Stunning Views from Lover’s Leap on Stuart Island! –
Just when we think we’ve seen most of the amazing spots in the San Juan Islands, along comes this stop at Stuart Island. Located in the northern sector of the San Juan Islands, Stuart Island sports two harbors, Prevost and Reid. Prevost Harbor has seven offshore buoys and 256 feet of dock space. Reid Harbor offers fifteen offshore buoys and 572 feet of dock space on three different docks, two of which are offshore. Stuart Island has 18 primitive campsites, potable water is available most of the year, as are composting and pit toilets. For boaters, a handy barge sits in Reid Harbor for manual pumpouts. A big plus in our world of boating. Otherwise, you must pack out what you bring onto the island. There are two communities on the island, but it is a very remote setting without access to stores or facilities of any kind etc. We anchored in Reid Harbor with plenty of room, the surrounding scenery was a big plus.
The View from Lover’s Leap Was Definitely Worth the hike!
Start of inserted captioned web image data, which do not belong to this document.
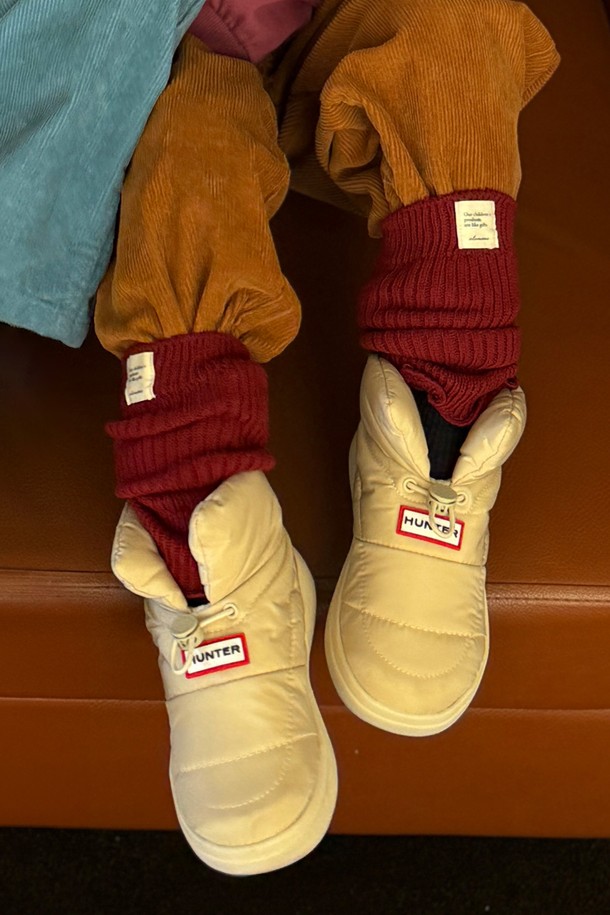 [JUNIOR] 인앤아웃 패딩 부티 - 캔버스 크림 HBJ0001FSUCCR은 유아동을 위한 겨울철 필수 아이템입니다. 캔버스 크림 컬러의 톤온톤 디자인으로 캐주얼 및 미니멀 스타일의 산책룩에 잘 어울립니다. 라운드 앞코와 슬립온 디자인으로 편안하게 착용 가능하며, 패딩 소재와 안감으로 보온성을 높였습니다. 로우 굽의 플랫 타입으로 안정감을 더하며, 무지 패턴으로 어떤 옷에도 쉽게 매치할 수 있습니다.
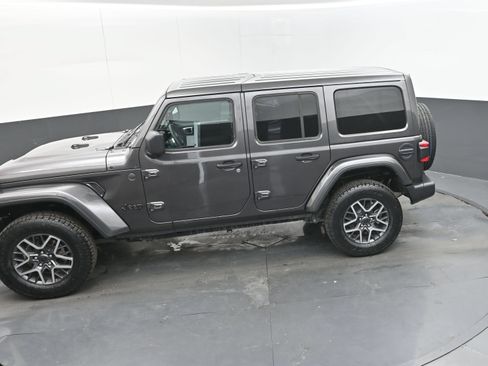 Used 2025 Jeep Wrangler Unlimited Sahara AWD/4WD image 35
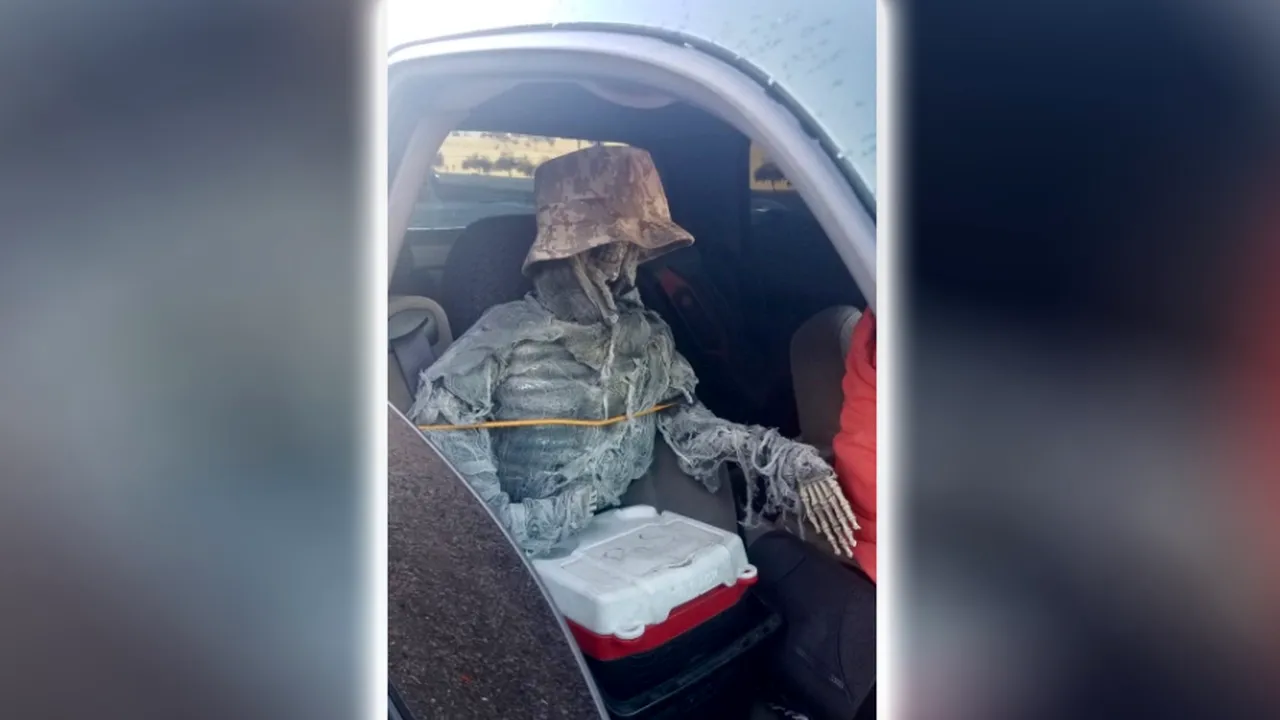 Un bărbat a luat un schelet uman în maşină, pe post de pasager. Explicaţia dată poliţiştilor după ce a fost prins 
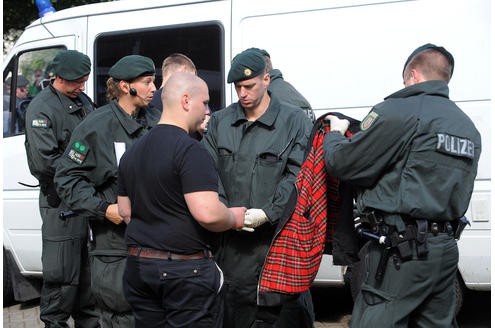 Polizeieinsatz bei der Demonstration der Neo-Nazis. Foto: Franz Luthe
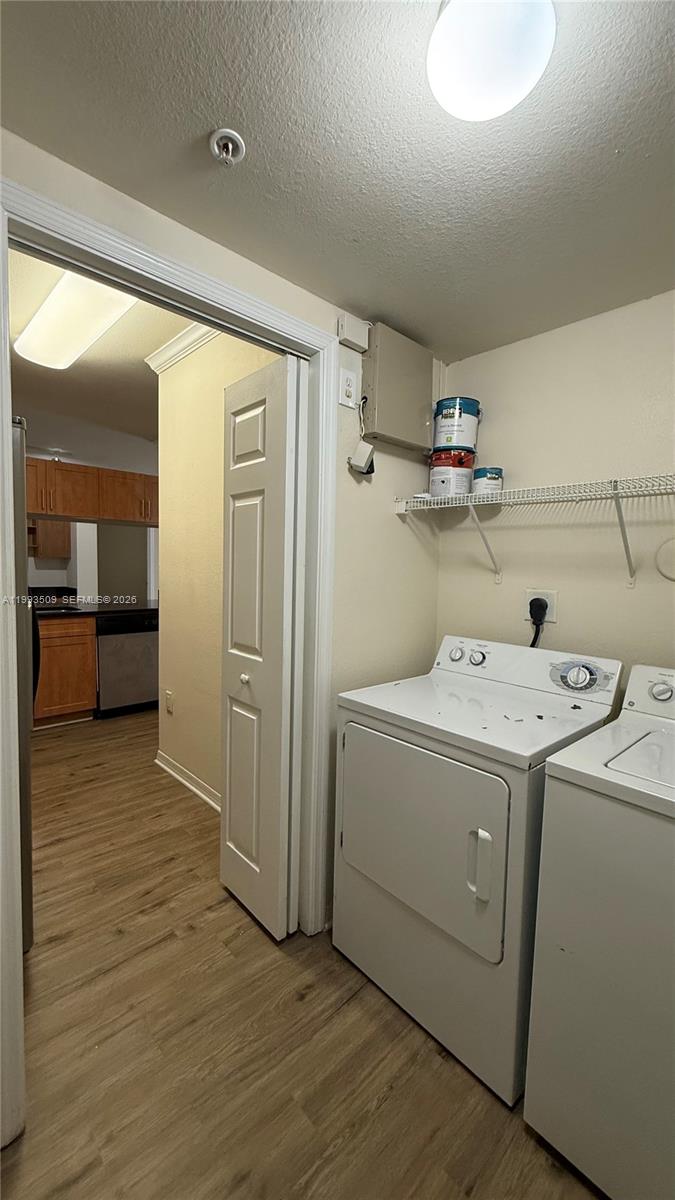 VILLAS AT EMERALD DUNES C - Residential Lease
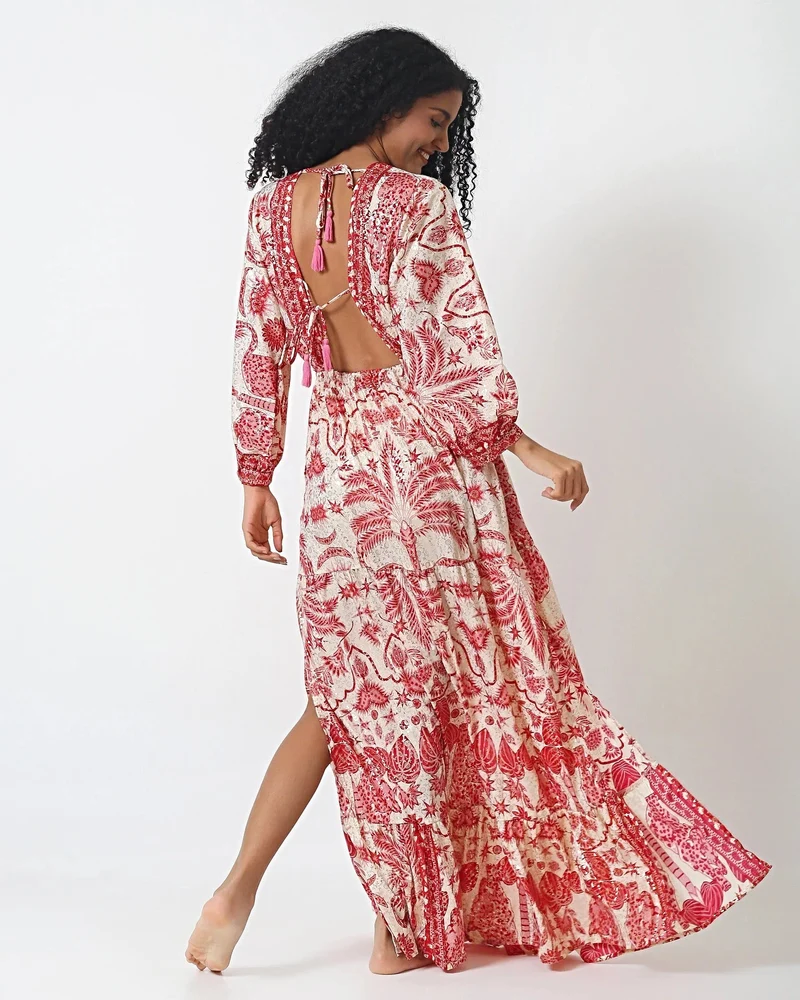 Rosa-weißes, langärmeliges Maxikleid mit offenem Rücken und aufwendigen Quasten, 100 % Viskose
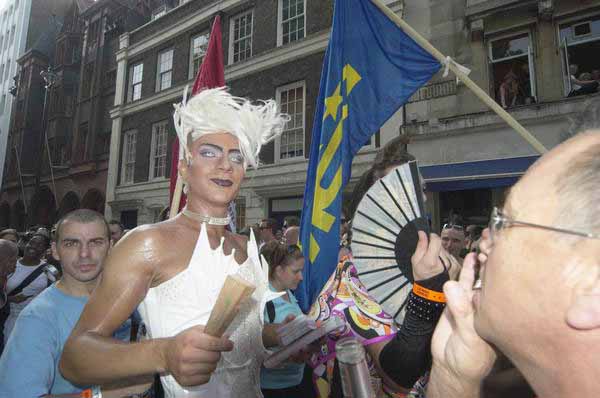 Picture © Peter Marshall, 2004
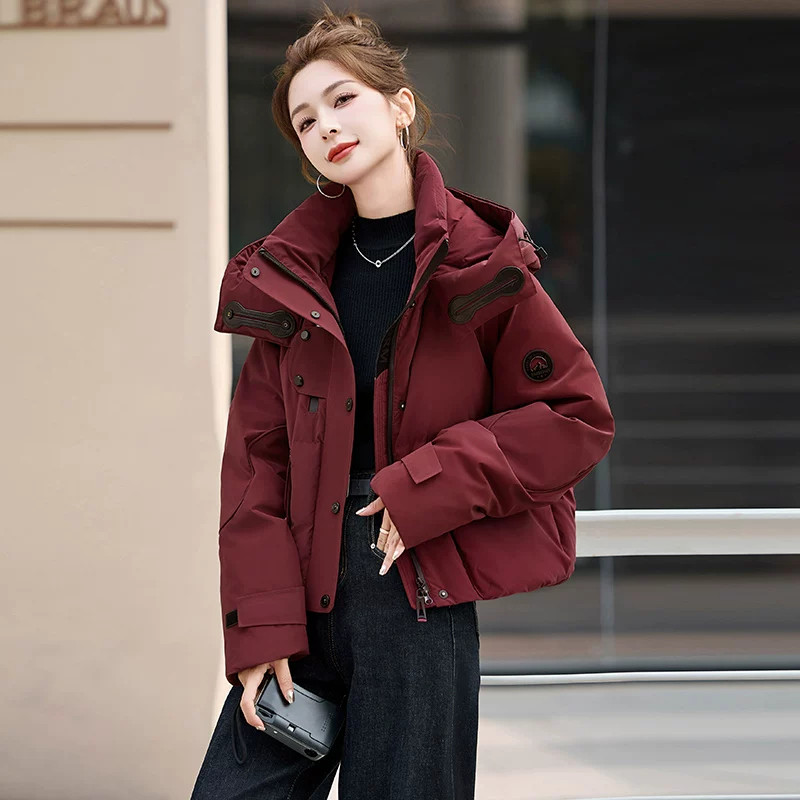 今年流行爆款高级感短款羽绒服女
Jim had a plan for the day which led us to dinghy ashore to the dock in Reid harbor. He’d heard about a trail that climbed the island to a bluff called Lover’s Leap. The beginning of the hike was quite strenuous, due to having to negotiate fallen trees and debris, while climbing uphill all the way to where the island’s one-room schoolhouse, library and little local history museum are located. Soon after we left the schoolhouse we found a road which took us to an open field area before it turned northwest and uphill again through woods and eventually broke out into the well-known, mossy cliff on top of the island.
We’d hoped to have a sighting of whales transiting the area, but no luck this time. The magnificent view from Lover’s Leap was so spectacular, we decided not to walk the rest of the way down to the Turn Point Light Station (used to guide shipping in Boundary Pass to the island’s north). We sat on the bluff for the longest time, it was hard to leave such a great spot.
There were several Ranger Tugs docked or anchored in Reid Harbor during our stay. Probably three or four other than ourselves. We were fortunate to meet Lois and Dan, on North Star, during our first Desolation Sound Cruise in 2013. Every time we come out to the Pacific Northwest, we run into them while cruising or at a Ranger Tugs cruise or rendezvous. They are experienced boaters in the area, always willing to share local knowledge with us.
Prevost Harbor (above).
We took a little break from hiking when we came upon the old schoolhouse and museum.
Mt. Baker (above and below).
We took advantage of the manual pumpout station. What a great idea to make this available to cruisers and sailors.